## What is required
The required answer is an exact copy of every line from the beginning of the entries through the line with "A green enamel", with all pictures omitted.

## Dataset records
-------------------------

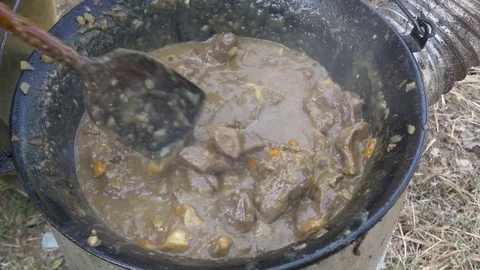 Chef preparing beef goulash mixing with wooden spoon in boiler, close up. Stock Footage 81542800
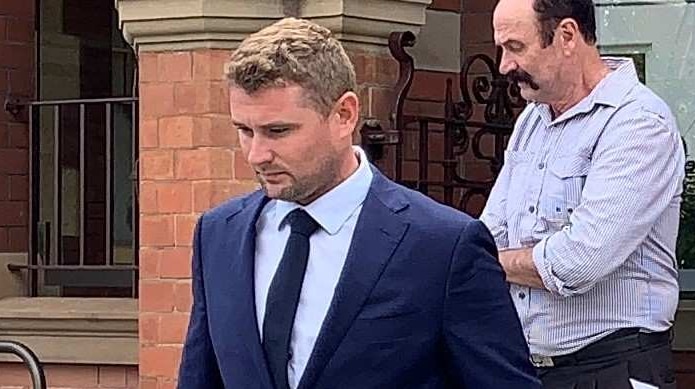 A man in a blue suit walks down steps in front of a red brick building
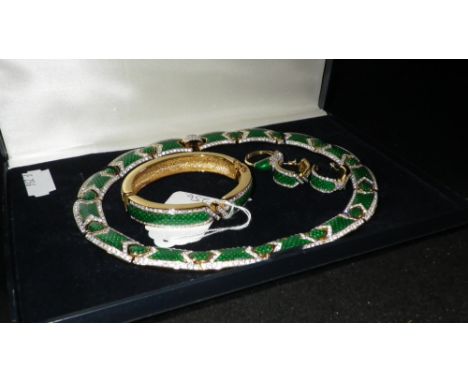 A green enamel and diamante jewellery suite, in gold plate comprising, a collar necklace, bangle, ring and a pair of half-hoo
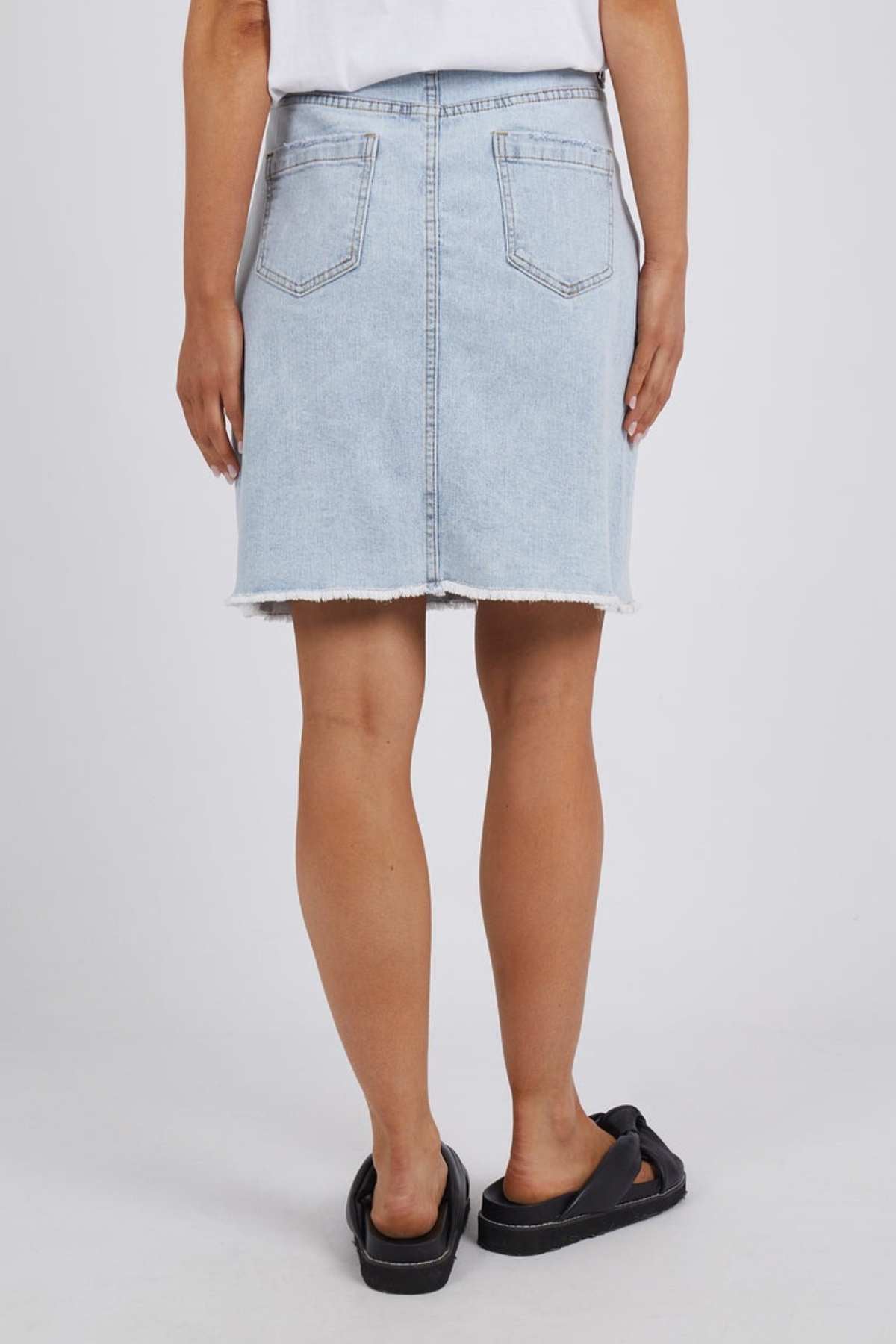 Rear view of a person wearing the light blue Foxwood Belle Skirt, paired with a white top and black sandals. The A-line skirt features a raw hem and back pockets against a neutral gray background.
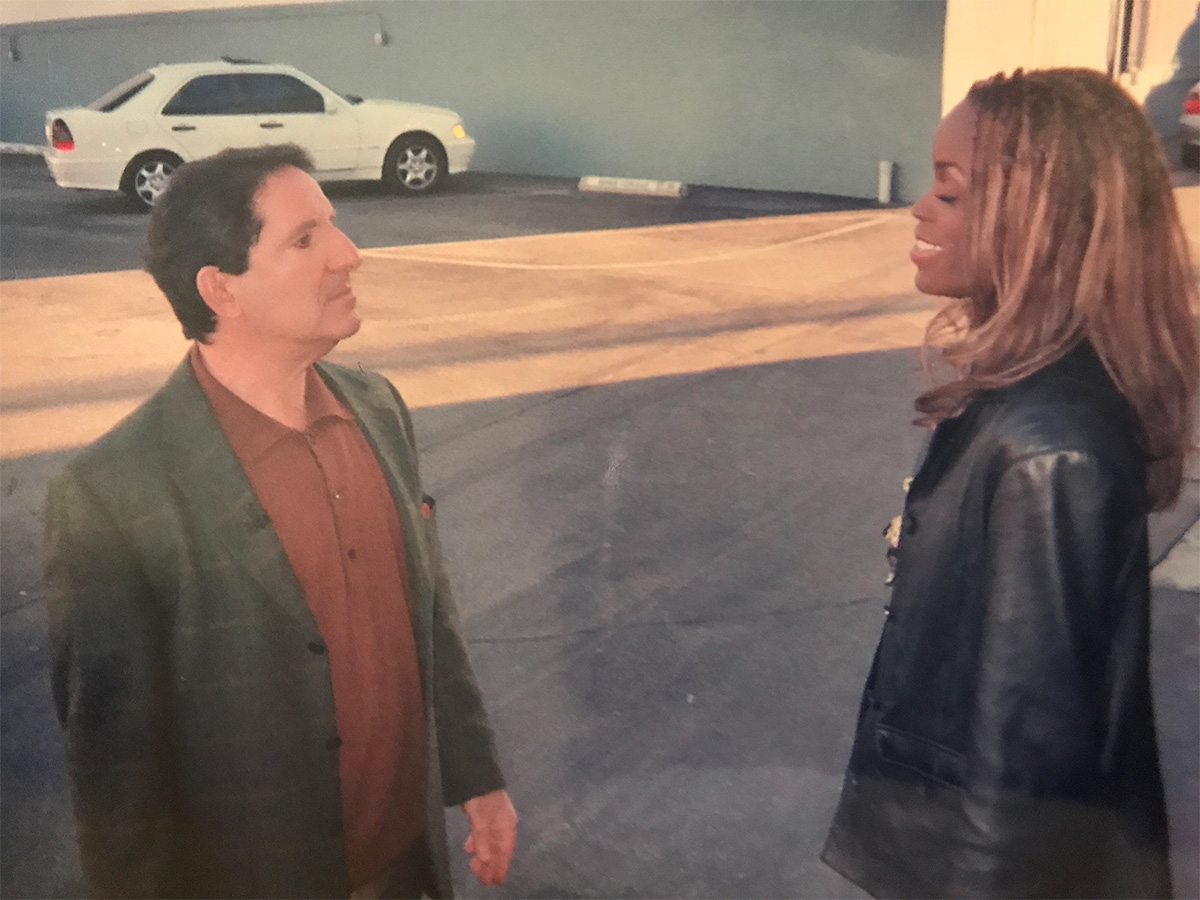 Arthur Joseph instructs Dot Todman outside KTLA parking lot before performing on TV singing competition, where she wins first prize.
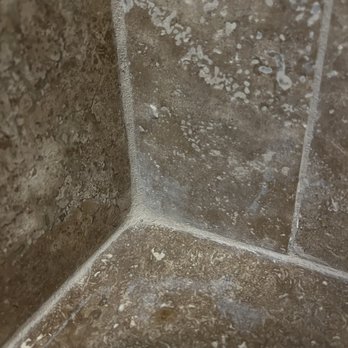 Kennyman The Handyman - This is how he applied grout between tiles. It is too thick. It is on top of tiles, not between as is the existing work. Haze left uncleaned - Plumbing Near Me Kennyman The Handyman - This is how he applied grout between tiles. It is too thick. It is on top of tiles, not between as is the existing work. Haze left uncleaned - Plumbing Near Me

-------------------------

## Answer to this problem
 Chef preparing beef goulash mixing with wooden spoon in boiler, close up. Stock Footage 81542800
 A man in a blue suit walks down steps in front of a red brick building
 A green enamel and diamante jewellery suite, in gold plate comprising, a collar necklace, bangle, ring and a pair of half-hoo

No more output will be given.